NFL Combine Risers and Fallers:
Here are the 5 prospects that helped their stock the most:
(NOTE: Guys like Robert Griffin, Morris Claiborne and Matt Kalil aren’t on this list because they were already expected to be top 5 talents, and only confirmed that with their Combines).
Offensive Tackle Cordy Glenn, Georgia:
Glenn came into the Combine with many thinking he was limited to Guard. But after a strong showing, especially in the 40 yard dash, I think most teams have to have him listed as a tackle right now. He fits best on the right side, but there are probably 10+ teams in the league that he could start for at LT. His stock should move up into the top 20 range, and has perhaps moved himself up to being the third tackle taken.
Defensive Tackle Dontari Poe, Memphis:
Poe had an exceptional Combine, and honestly looked to be the best interior defensive lineman in this draft. He showed fantastic, strength, speed and agility throughout the combine. Reports are that he interviewed well with teams which should also increase his stock. Poe went from being a top 50 prospect, to a top 15 guy. He can fit into any defensive system and should be a hot commodity come April.
Wide Receiver Stephen Hill, Georgia Tech:
Teams didn’t know what to make of Hill when he declared. He obviously had good size and nice athletic ability, but playing for Georgia Tech his numbers were well down. Hill showed teams exactly what they were getting as he put up excellent numbers in the combine, running an incredible 40 time in the 4.3’s. Hill also had an impressive diving catch in the positional drills, showcasing his good hands and dedication. He moves up from a 3rd rounder to the late 1st round mix.
Linebacker Mychal Kendricks, California:
Kendricks looked like a solid 4th or 5th round linebacker prospect heading into the draft. Despite a productive college career, people were concerned with his lack of size and his athletic ability. While Kendricks can’t do anything about his size, he wowed everyone by putting on a show at the Combine. He blew away just about every workout drill and looked very good in the positional drills as well. He now could be a borderline 2nd round prospect and should go by at least the early 3rd round.
Cornerback Stephon Gilmore, South Carolina:
Gilmore has been a tough guy to project throughout the draft season. On one hand he’s got this great hype and measureables, but on the other the production wasn’t there. Gilmore did a nice job confirming that he had elite speed and athleticism, and he looked very fluid in the positional drills. Now I think he is a borderline 1st round pick, after being in more of the bottom of the 2nd round range.

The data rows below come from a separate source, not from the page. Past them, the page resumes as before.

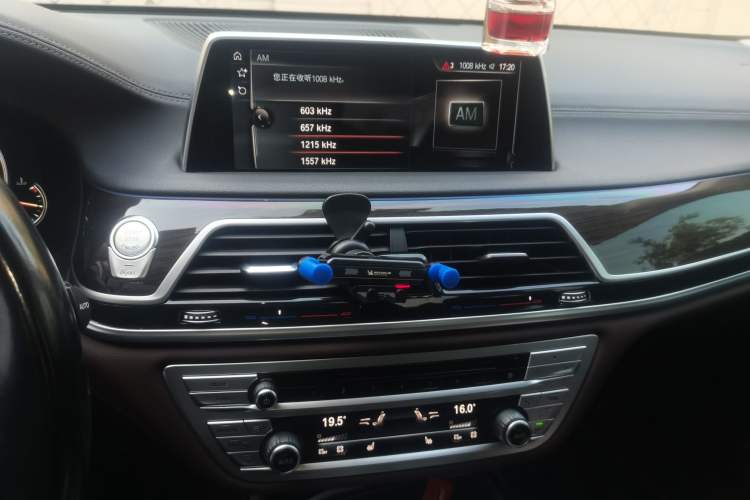 Used BMW 7 Series 2017 730Li Leading Model Audio And AC Panel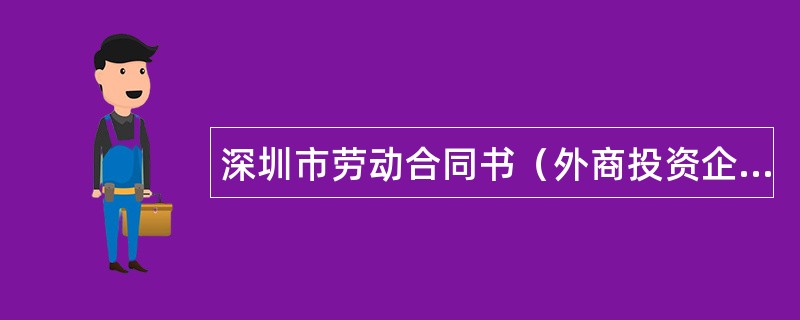 深圳市劳动合同书（外商投资企业）专业版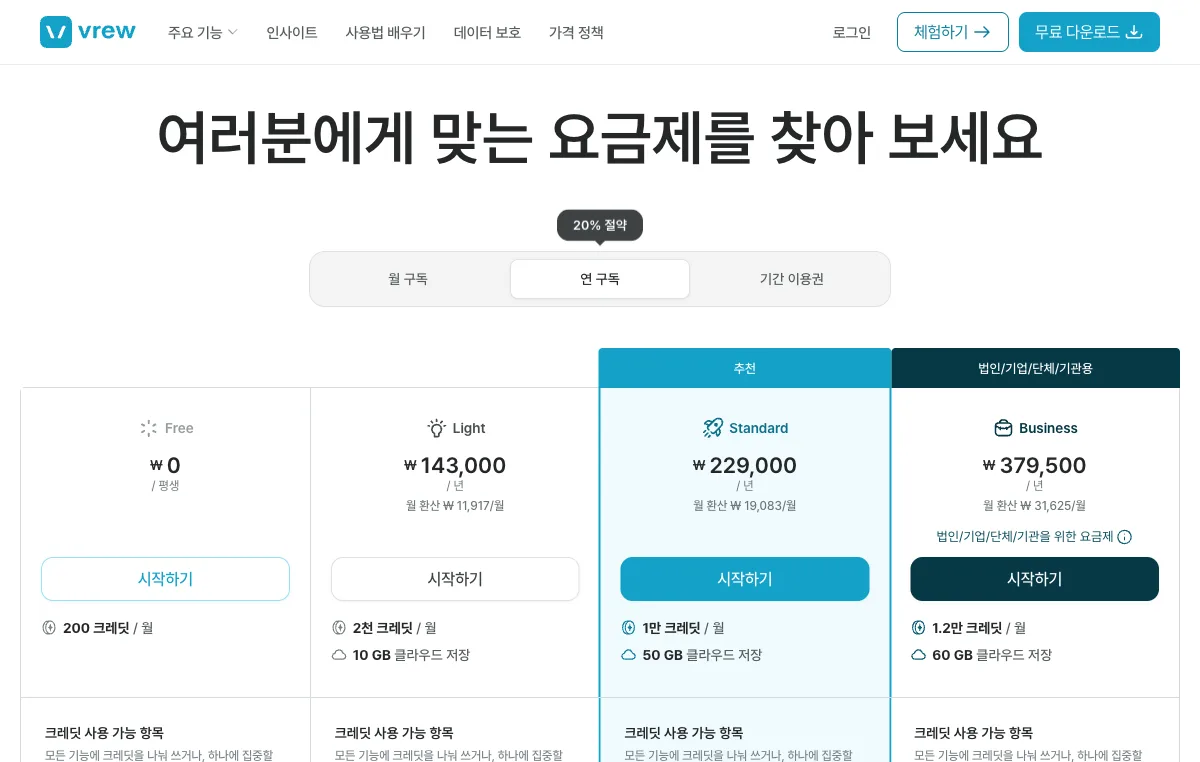 브루 요금제 - Free 0원, Light 143000원, Standard 229000원, Business 379500원 연 구독 기준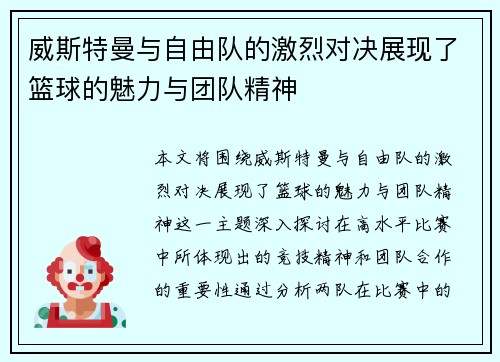 威斯特曼与自由队的激烈对决展现了篮球的魅力与团队精神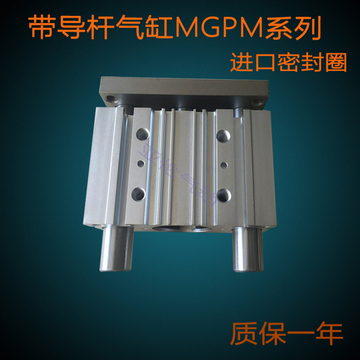 带导杆气缸MGPL/MGPM80-25/50//75/100/125/150/200/250/300Z SMC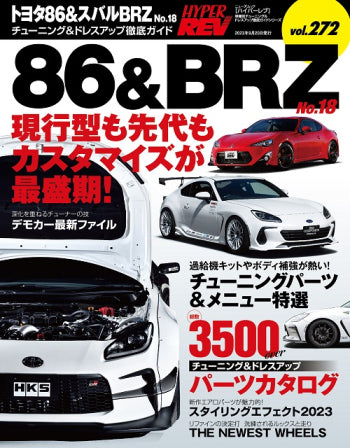 hyper-rev-vol-272-toyota-86-subaru-brz-no-18 - Rzcrewgarage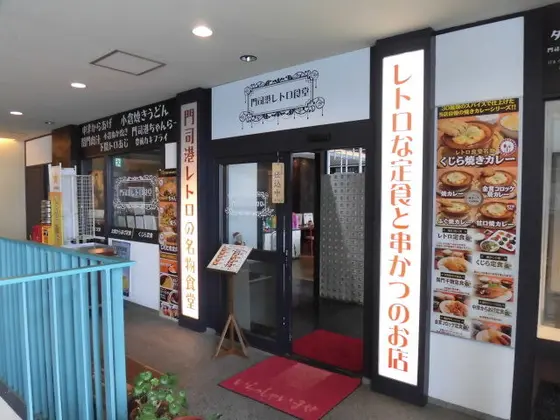 レトロな洋食と串カツのお店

5 Prospects who hurt themselves the most:
Linebacker Vontaze Burfict, Arizona State:
Coming into this past season many thought Burfict had the potential to be a top 15 pick, but after multiple red flags kept coming up he looked to be more of a late first-early 2nd round guy. He needed a strong Combine to rise up into the top 15 again, but instead he fell flat on his face. He was very slow in both the 40 and positional drills, and lacked strength in the bench press. It was pretty clear that he hasn’t been working out, and given his red flags his stock is plummeting. He could very well fall to the late rounds, that is how bad his performance was.
Corner back Cliff Harris, Oregon:
Harris was dismissed from the team, which made him decide to enter the draft. While there were some red flags there, his ‘game breaking speed’ was thought to keep him in the top 3 rounds discussion. Unfortunately he ran in the 4.6’s, which basically nullified his biggest strength. In addition he looked pretty bad in the positional drills, which should make most teams pass on him until the late rounds.
Defensive End Chandler Jones, Syracuse:
Jones was a guy who had been flying up draft boards pre-Combine, and was considered a potential top 50 pick. While the combine started off strong for Jones with a solid 40 time and decent measurables, his positional work was extremely sloppy. His footwork was a mess and his pad level was consistently high. I think he’s more of a 4th rounder who projects as a better rotational or situational player than a starter.
Wide Receiver Alshon Jeffery, South Carolina:
This might be a bit unfair to Jeffery since he didn’t workout, but that is a big problem for me. Jeffery who actually measured in 2 inches shorter than he was reported (which didn’t help), decided to not workout despite no apparent injury. Even top rated receiver Justin Blackmon, benched and did the positional work despite an apparent sore ankle. Also other high ranking receivers Kendall Wright, Michael Floyd and Nick Toon all did at least partial workouts (including the 40 and positional work) despite missing some training time in the past month due to injury. Jeffery not working out really set him back, especially with so many receivers looking good in workouts. I think he could fall into the late 2nd round range.
Tight end Orson Charles, Georiga:
Charles had been seeing his draft stock rise to the top of the TE chart. And with Cody Fleener not working out due to injury, Charles had a chance to really cement his stock. Yet he declined to run the 40 or any of the other workout drills, with the exception of the bench press. He then preceded to drop some balls in the positional drills, and didn’t complete one of the drills, which showed a lack of focus. I think he went from being a top 40-50 pick to more of a 3rd rounder.